La mente es peligrosa, con la sospecha constante de que el vecindario vive otra vida cuando las luces se apagan, una que solo yo percibo, aunque no pueda explicarla sin parecer paranoica.
Me pregunto, no muy en serio, qué pensarían si supieran lo que imagino desde aquí. Que cada figura que pasa es una historia. Que cada sombra es una advertencia. Que cada silencio es un hueco que mi mente llena con lo que no entiendo de mí misma. Que todo lo que veo afuera tiene un eco interior que prefiero no revisar demasiado de cerca.
Al final de la noche, siempre llega el mismo momento, ese pequeño instante en que la calle se vacía por completo y me doy cuenta de que ya no sé si estoy observando, o esperando. La diferencia es mínima y, a veces, inexistente.

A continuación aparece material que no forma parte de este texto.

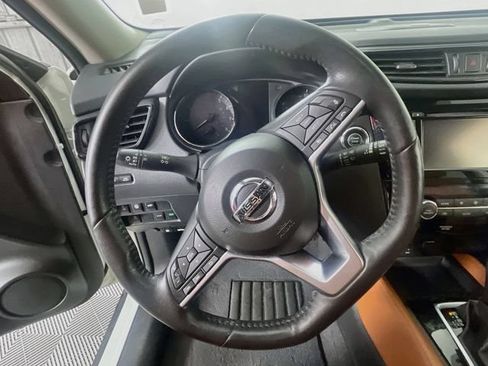 Used 2017 Nissan Rogue SL w/ SL Premium Package FWD image 12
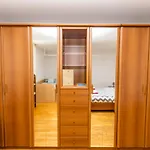 Modern 2bdr In The Center - Free Parking Apartment *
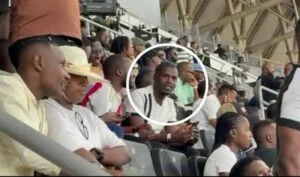 Umusifuzi Ngabosiyonga Patrick wasifuye umukino wa Bugesera FC na Rayon Sports ugafatirwamo ibyemezo byateje imvururu, yaserukanye umwambaro ku mukino wa APR FC na Musanze FC warikoroje ku mbuga nkoranyambaga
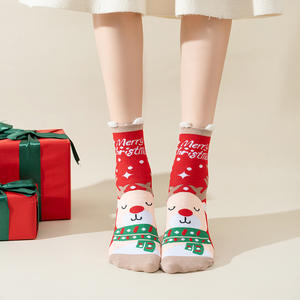 Calze Natalizie alla Moda a Metà Polpaccio per Uomo e Donna, Simpatici Calzini Autunno/Inverno in Stile Giapponese - Product Image 3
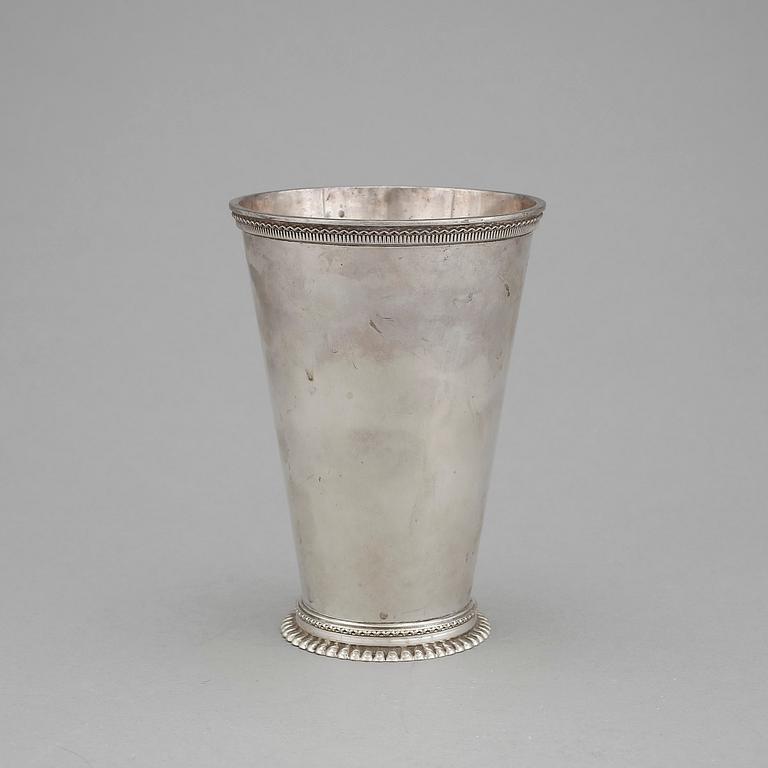 VAS, silver. Guldsmedsaktiebolaget GAB, Stockholm, 1922. Vikt ca 268 gram.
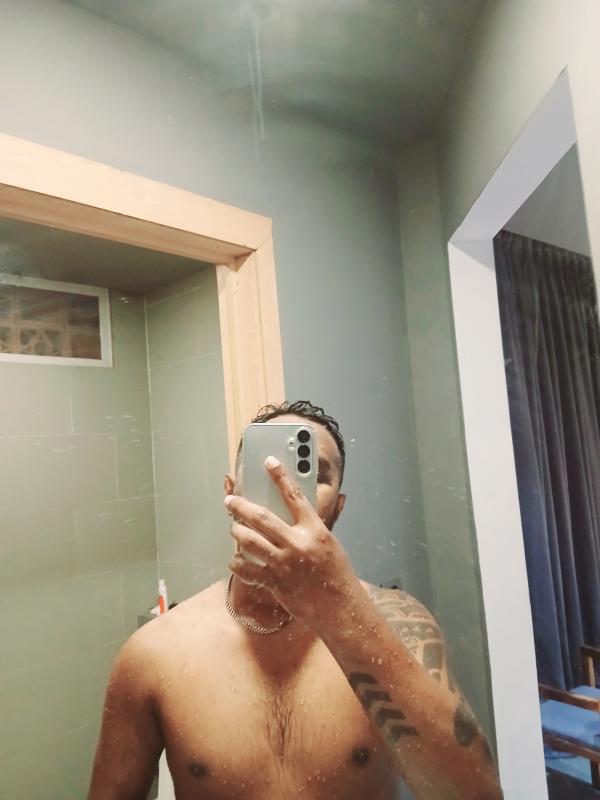 Looking for Genuine Girl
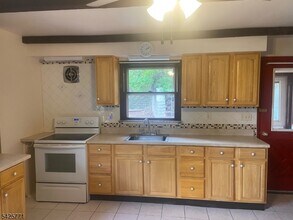 1116 St Louis Ave in Hillside, NJ - Building Photo - Building Photo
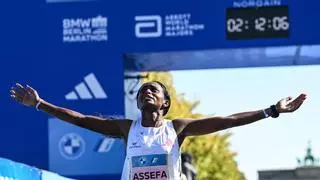 Assefa se une a la fiesta de Kipchoge en el maratón de Berlín con un récord del mundo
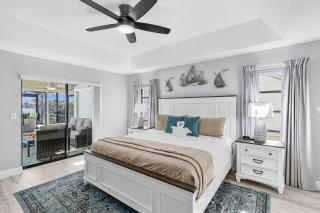 Modern lake front villa w/beautiful views & bikes! Villa Dawn - SWFL Rentals - 1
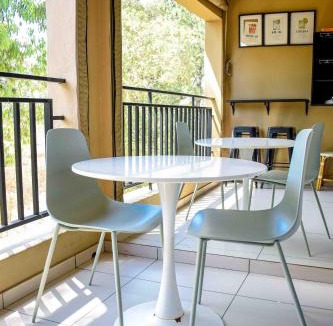 Boksburg Apartment | An Exquisite home away from home!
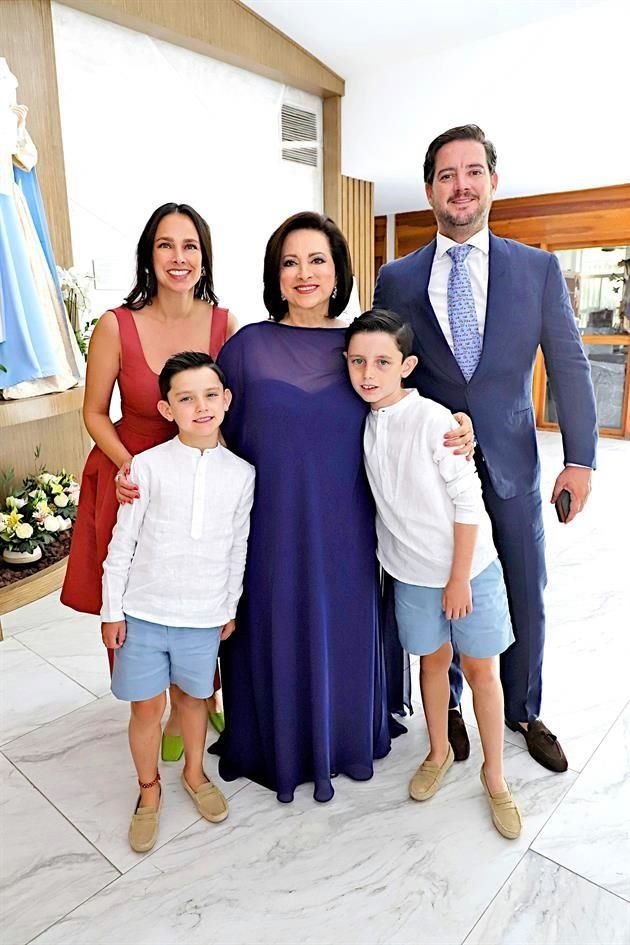 Ana Lía Acedo de Zambrano, Margarita Gámez de Zambrano, Bernardo Zambrano, Nico Zambrano Acedo y Mikel Zambrano Acedo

Cierro el libro sin leerlo. Termino el café, aunque esté helado. Y antes de entrar, miro la calle una última vez, como si pudiera atraparla en el acto. Nunca lo logro, por supuesto. La calle es más astuta que yo. Y esta noche, aunque no sé por qué, siento que, si me quedo en el balcón un segundo más, no voy a ver la calle que conozco. Voy a encontrar algo mirando hacia arriba.
¿Y si esta vez no fui yo la que inventó las historias? Y si esta vez alguien más me estaba imaginando a mí ¿y esperaba a que me diera cuenta de que no estaba sola, que no era la autora sino parte del guion?